» **Exercise instructions**:
Your output must be the lines below from the line containing "If the blood still has not transferred, reverse" to the line containing "Alright, this is", both lines included, reproduced exactly and without pictures.

» **Supplied data**:

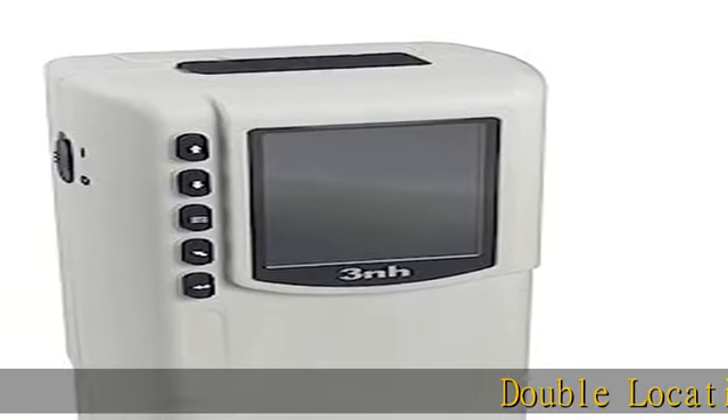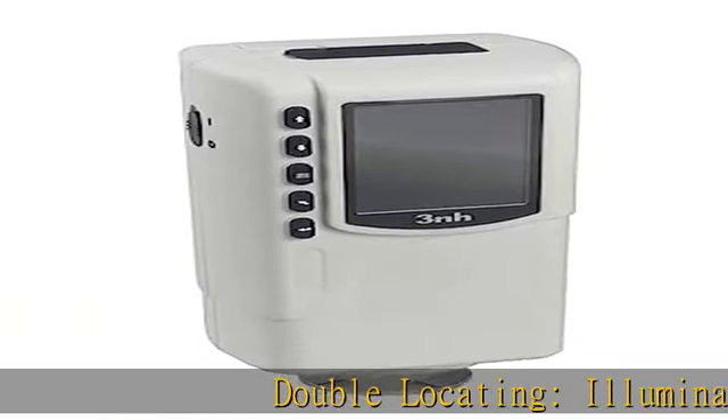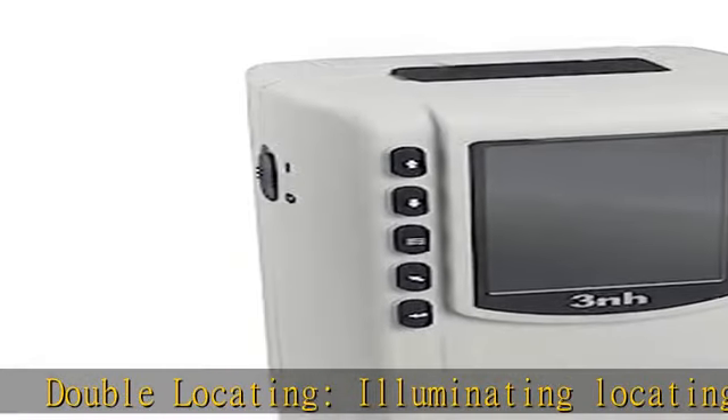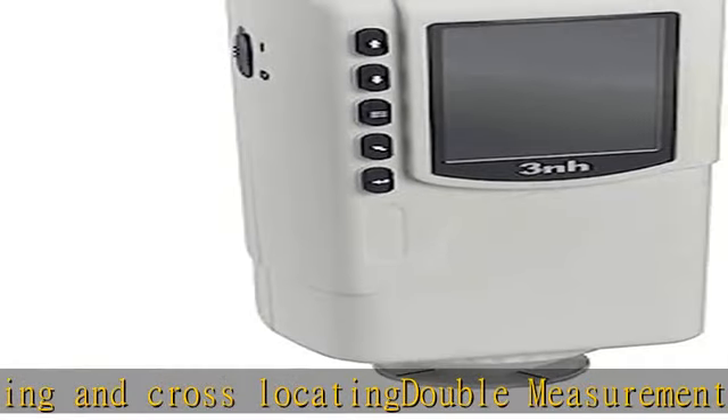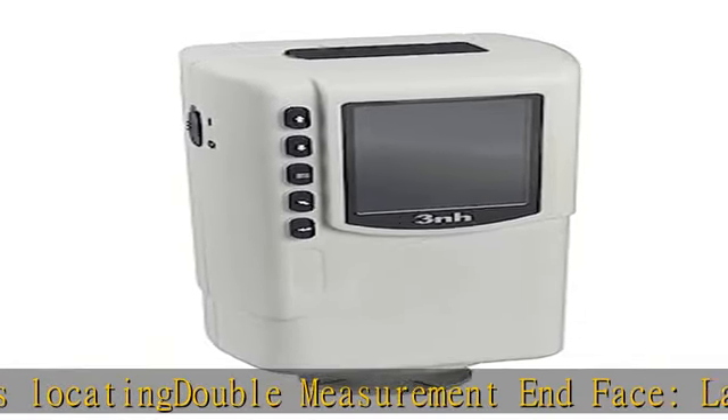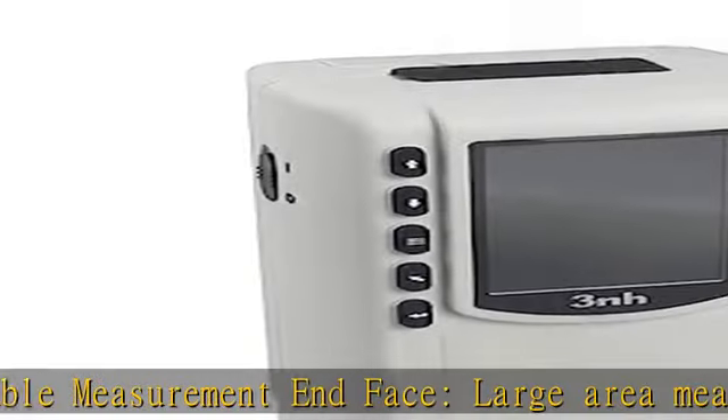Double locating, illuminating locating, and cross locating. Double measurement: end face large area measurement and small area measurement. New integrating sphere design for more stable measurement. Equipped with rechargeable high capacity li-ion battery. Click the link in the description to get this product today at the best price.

...

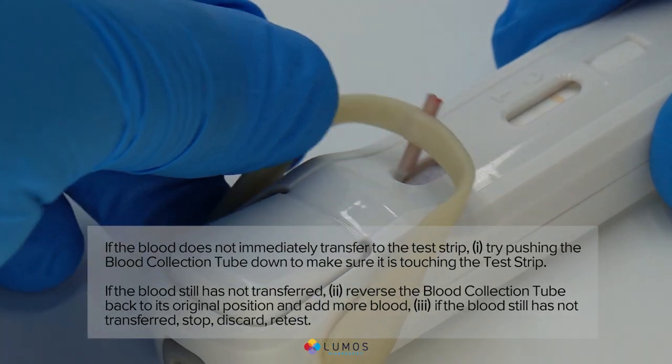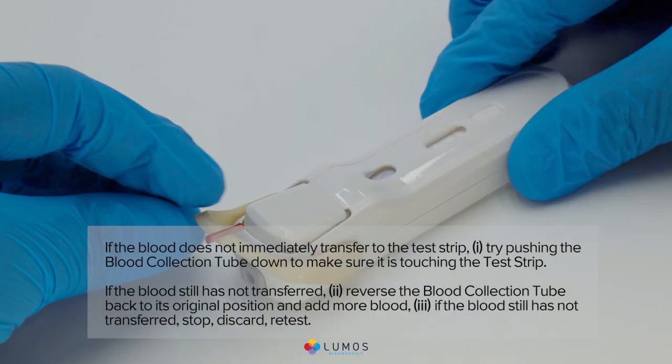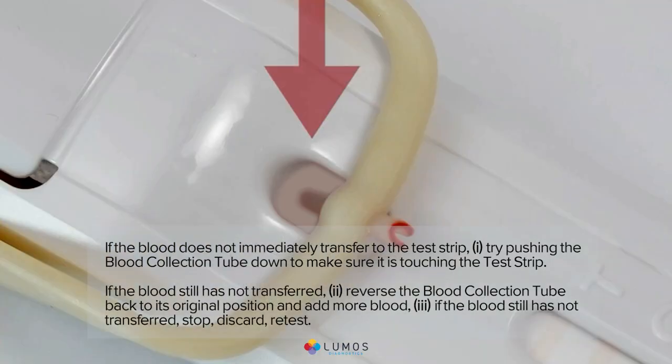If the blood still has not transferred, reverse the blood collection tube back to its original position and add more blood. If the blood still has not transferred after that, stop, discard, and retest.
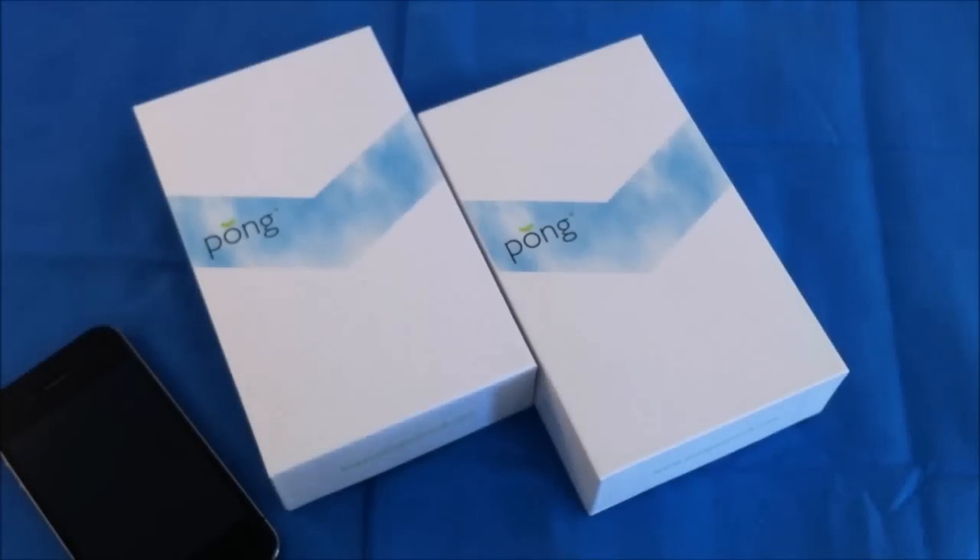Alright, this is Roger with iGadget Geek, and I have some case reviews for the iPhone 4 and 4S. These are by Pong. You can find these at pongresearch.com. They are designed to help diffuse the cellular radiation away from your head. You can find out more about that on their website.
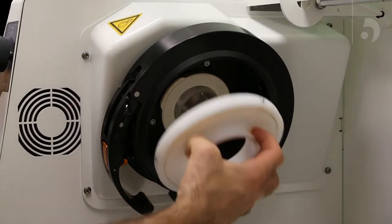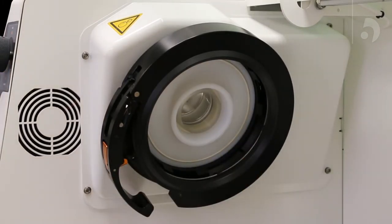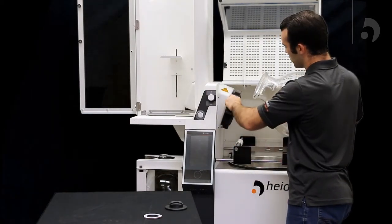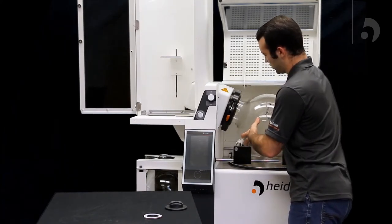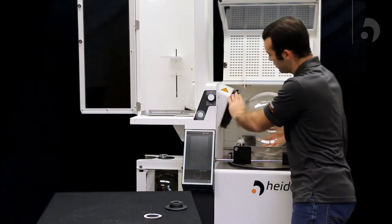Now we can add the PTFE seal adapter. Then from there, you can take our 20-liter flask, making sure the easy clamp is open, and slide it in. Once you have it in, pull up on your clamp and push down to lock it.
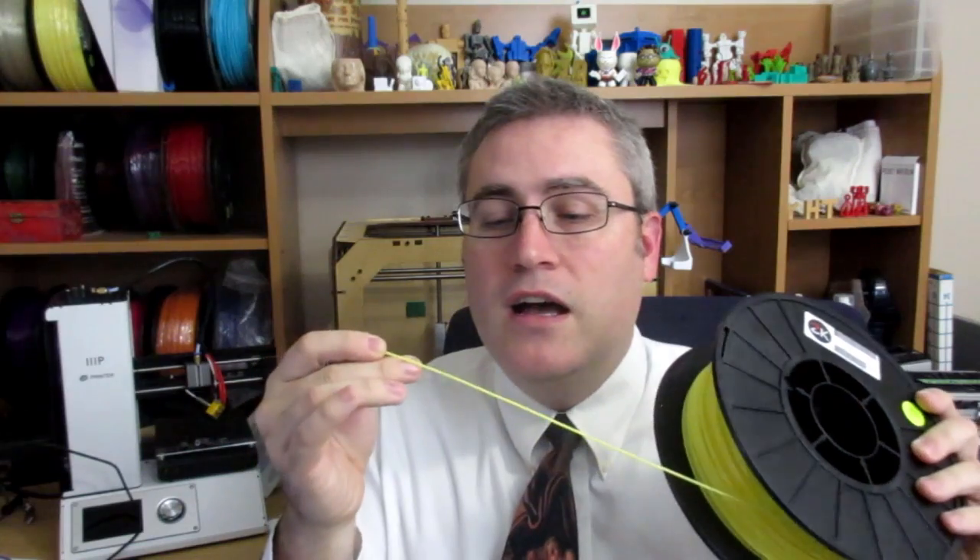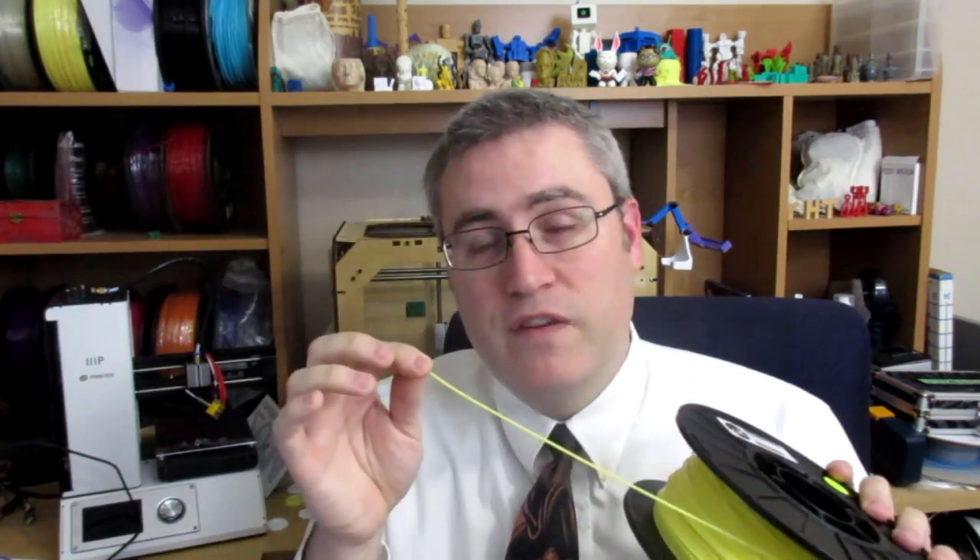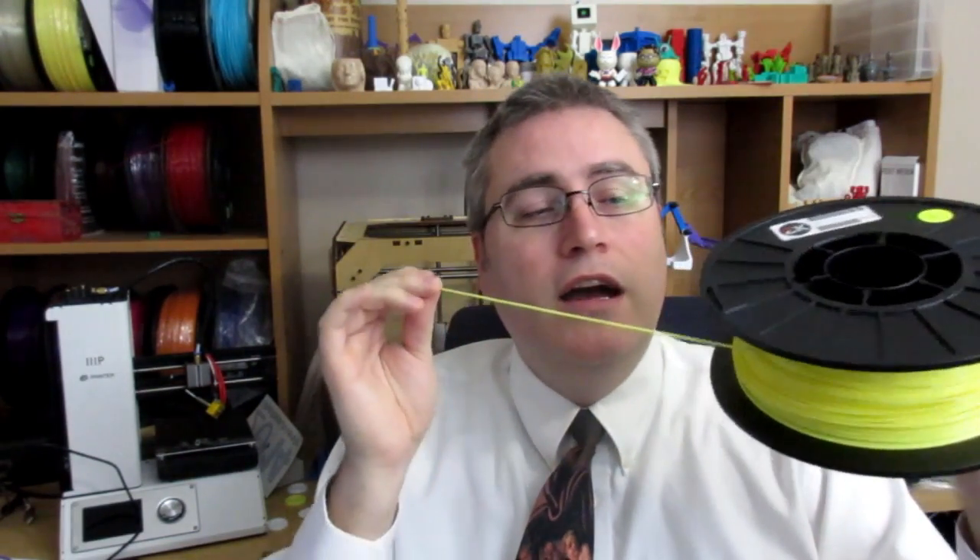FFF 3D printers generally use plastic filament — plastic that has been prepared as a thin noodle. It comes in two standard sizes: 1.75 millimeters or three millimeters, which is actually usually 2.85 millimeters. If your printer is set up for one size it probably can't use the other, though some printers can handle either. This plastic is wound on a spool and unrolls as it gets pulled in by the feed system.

» **Task answer**:
If the blood still has not transferred, reverse the blood collection tube back to its original position and add more blood. If the blood still has not transferred after that, stop, discard, and retest.
Alright, this is Roger with iGadget Geek, and I have some case reviews for the iPhone 4 and 4S. These are by Pong. You can find these at pongresearch.com. They are designed to help diffuse the cellular radiation away from your head. You can find out more about that on their website.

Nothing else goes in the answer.